Be Mindful of Your Cost Structure
“Let’s say that you technically are worth $300 a month and people are willing to pay $300 a month (which, by the way, we do online coaching through Big Dawgs),” Jim said. “I know for a fact that people are more than willing to pay $300 for that service. But we also know what our cost structure needs to be versus what we can charge.”
Sure, they would love to charge more and they’re always adding in new features and benefits that will allow them to move the price point upwards in the future. But at the same time they also know that the economic profit of this model might get lower over time.
“We have to be mindful of our cost structure,” he said. “We’re going to have to constantly be innovating what the services we offer and the technology, such as TrueCoach, so that we can maintain a profit margin to make the business viable.” Jim said every gym or coach should be asking yourself, “What am I doing today? But more so what am I doing tomorrow?” Because remote training is going to be less profitable each year until a huge innovation is released, so you better be prepared to adjust your product and your cost structure as time goes on.
It’s difficult to attain, but building a system with multiple coaches is nicely profitable. “It can be done for sure but it’s harder,” Jim explained. “You’ve got to understand what success looks like to you, and then you have to go put those components together.”

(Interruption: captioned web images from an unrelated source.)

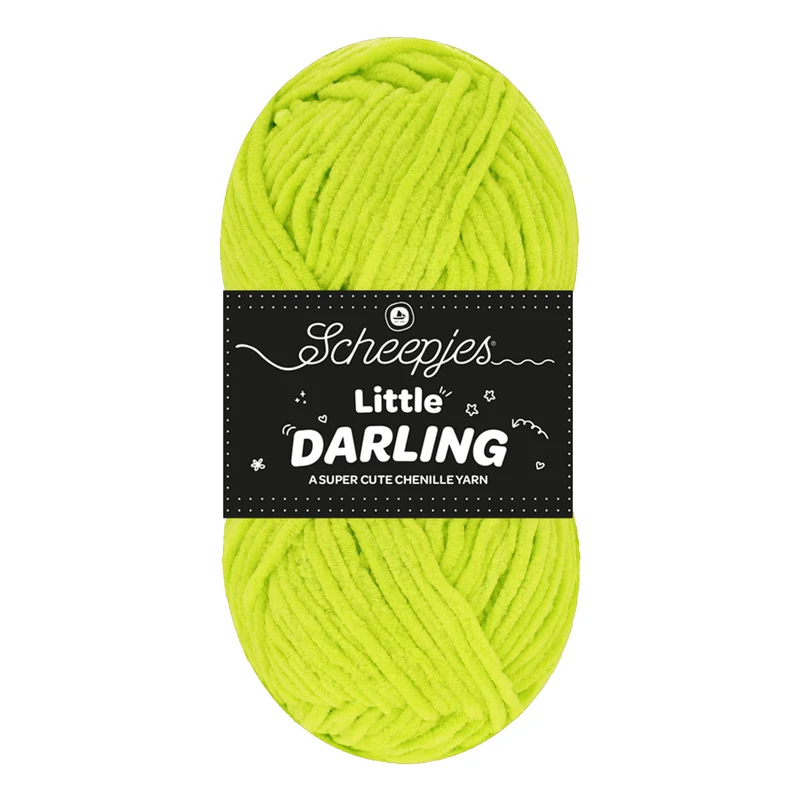 Scheepjes Little Darling 445 Gecko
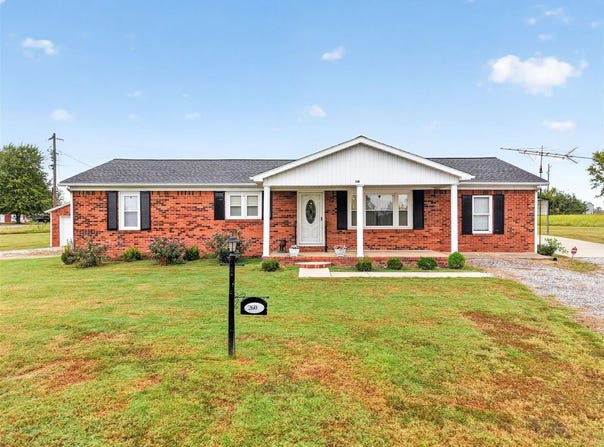 260 Heltsley Road, Lewisburg, KY 42256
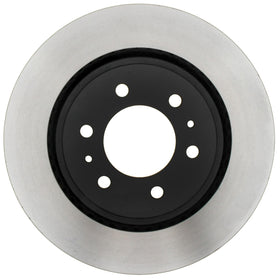 ACDelco close-up of black hat coating preserving corrosion resistance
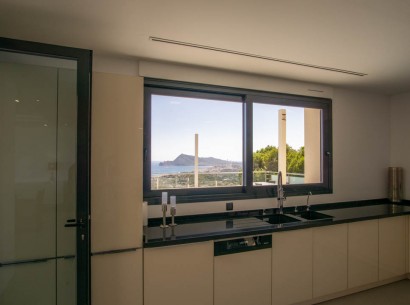 Sale - Villa -
Altea - Sierra de Altea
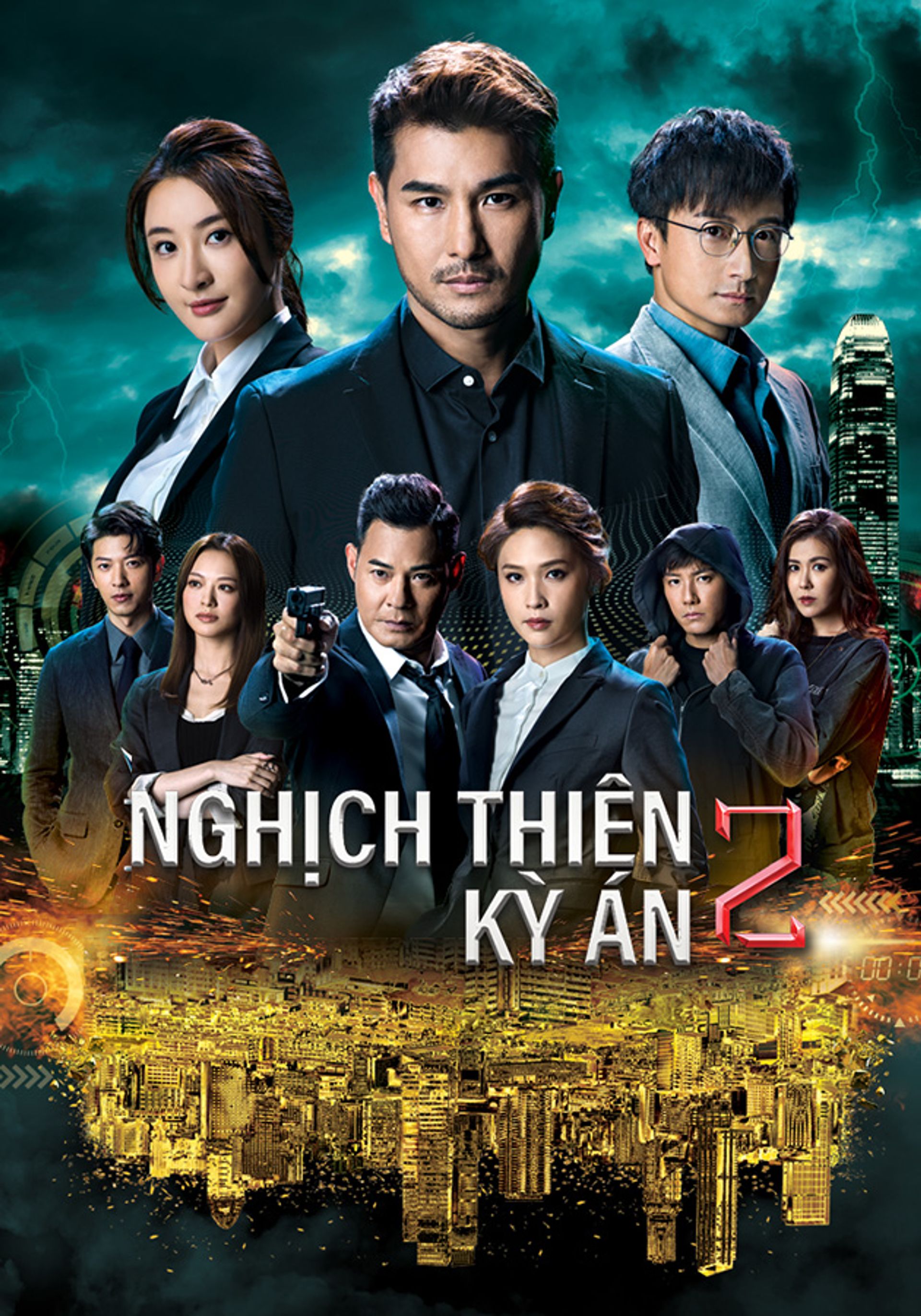 Nghịch Thiên Kỳ Án 2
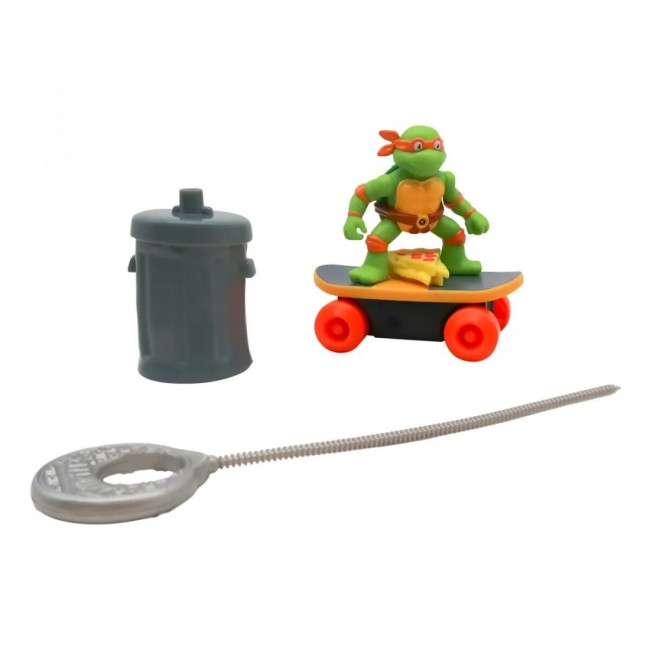 TMNT MOVIE NINJA TURTLES SKATE ΜΕ ΜΙΝΙ ΦΙΓΟΥΡΑ (4 ΣΧΕΔΙΑ) TMNT MOVIE NINJA TURTLES SKATE ΜΕ ΜΙΝΙ ΦΙΓΟΥΡΑ (4 ΣΧΕΔΙΑ)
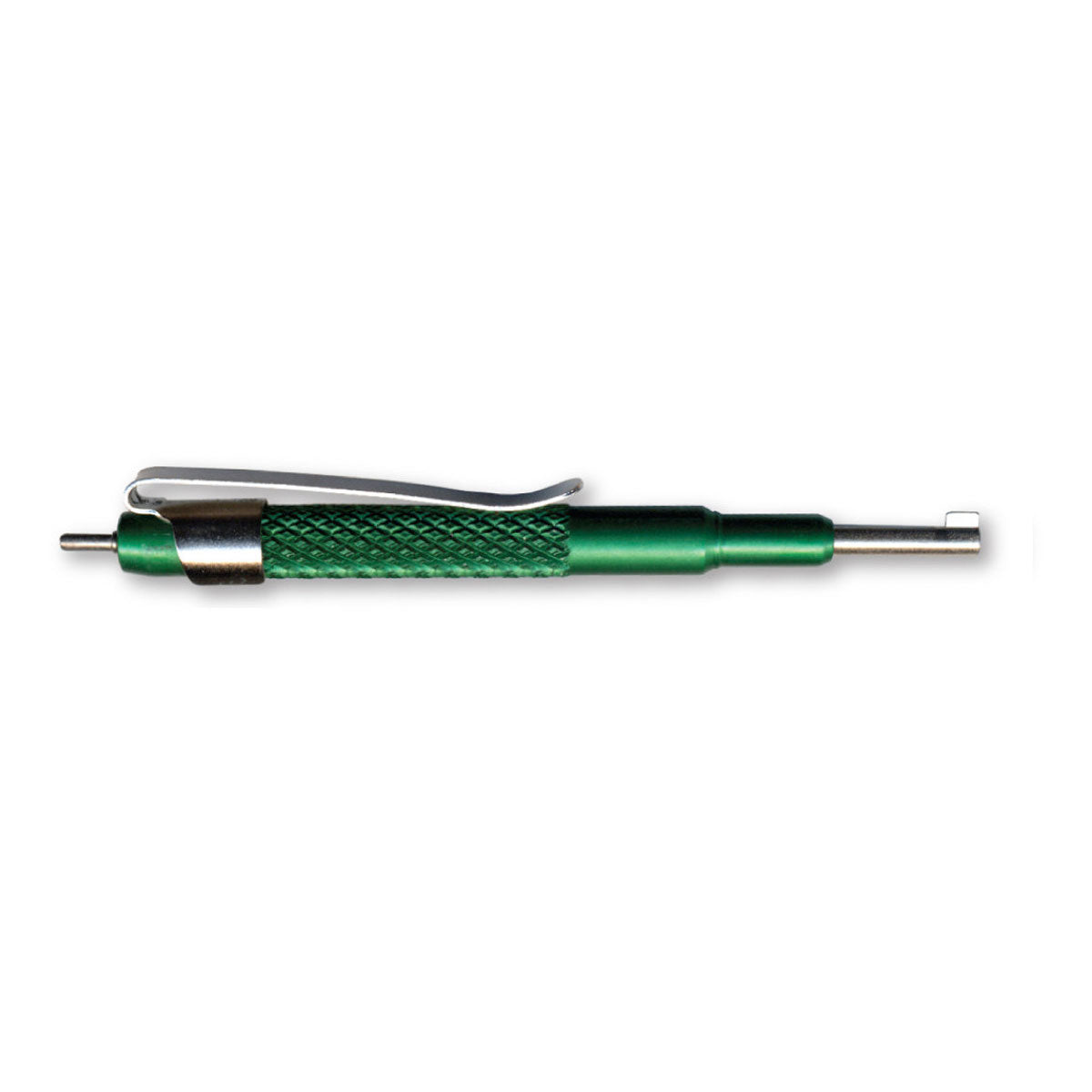Zak Tool Aluminium Pocket Handcuff Key Green-Tactical Source LLC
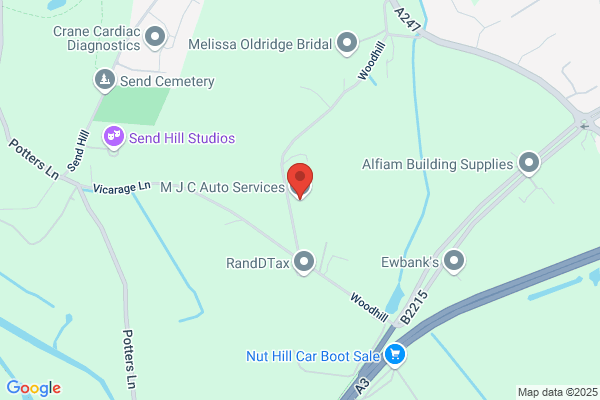 M J C Auto Services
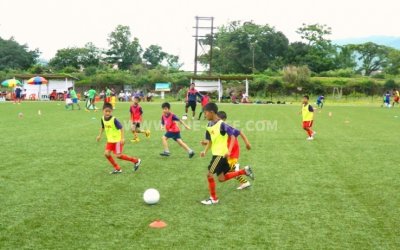 2nd Grassroots Leaders Course conducted in Imphal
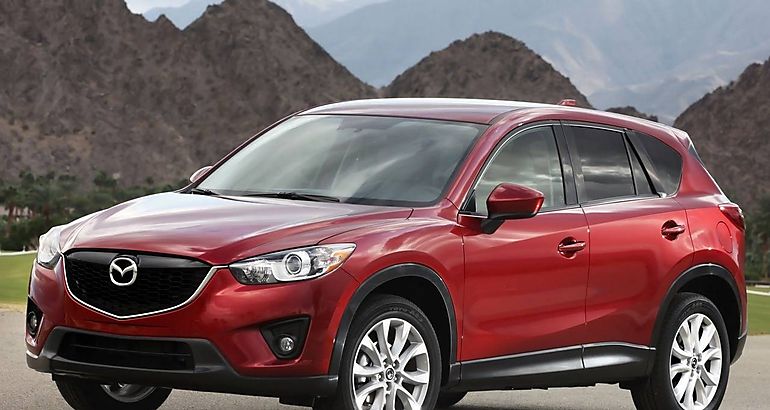 Mazda CX5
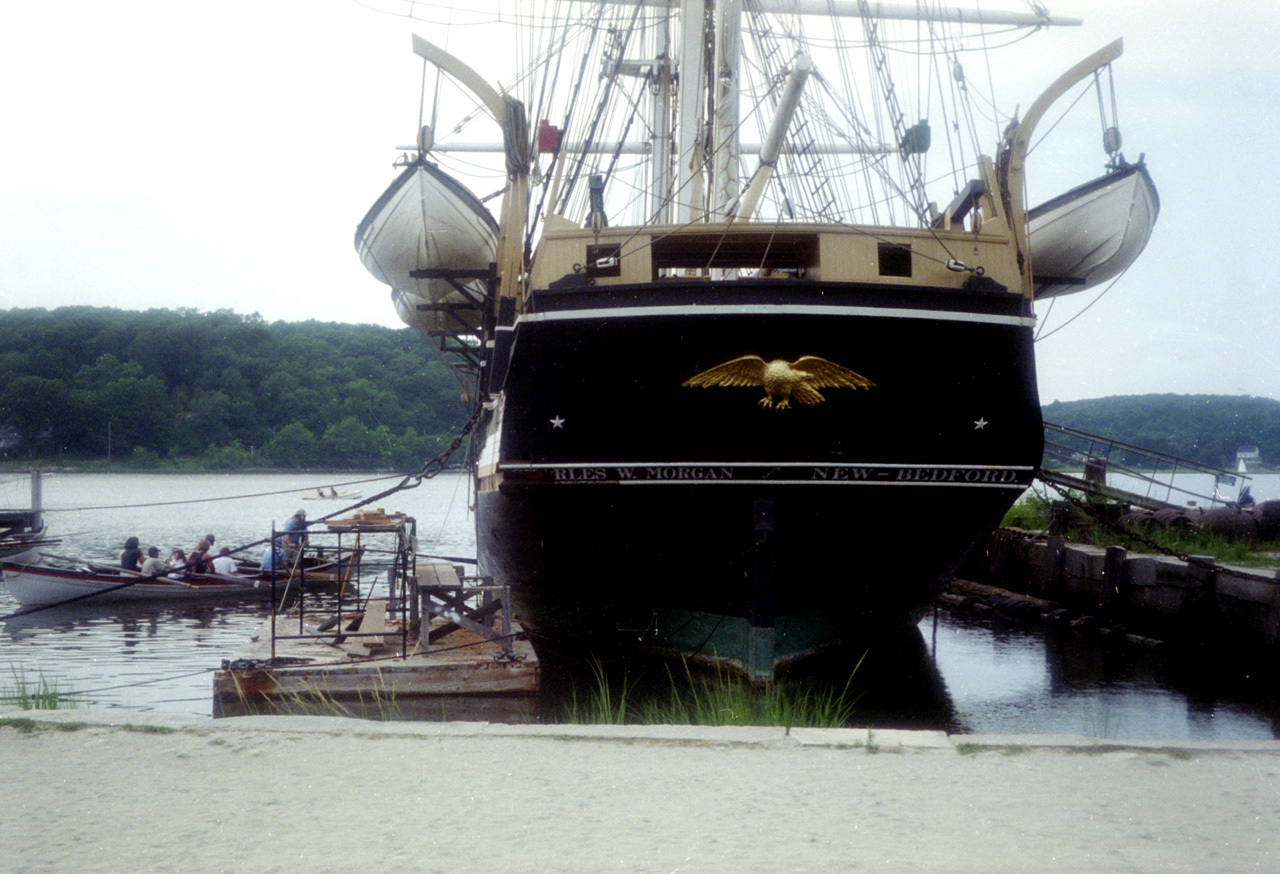 95-08-01, 05, Mystic, Connecticut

Don’t Be Afraid of Failing
Too many people in the fitness industry are fearful of being looked at as a failure. “If your business isn’t working, you weren’t making enough profit before, and now you’re in a spot where you still have rent to pay, you might not be able to open for another month or so,” he said. “If you don’t have a great idea to improve those economics, you might just want to look at shutting down.”
If you realize you don’t have a viable model, it’s okay to move onto something else. And then maybe take another shot at it down the road. At the end of the day, you have to make it work for you. If you’re not making any money off of the business you’ve built, it’s time to take a serious look at what you’re offering—without being worried of looking like a failure.
“Spend enough time to think through how you’re going to make the business model viable and then have some outside feedback because you’re extremely biased towards yourself and you’re going to be overconfident just because we’re hard wired that way,” he advised. “You got to get some people to give you some tough feedback.”
Be humble. Don’t be afraid to ask for feedback or advice. Everyone has reached a failure at some point in their lives and it doesn’t define what their future will look like. If you’re overly concerned with your image and what people might think about your decision, you’ll be wasting your time. Never worry about what others think. You have to make the best decisions for your business and your life.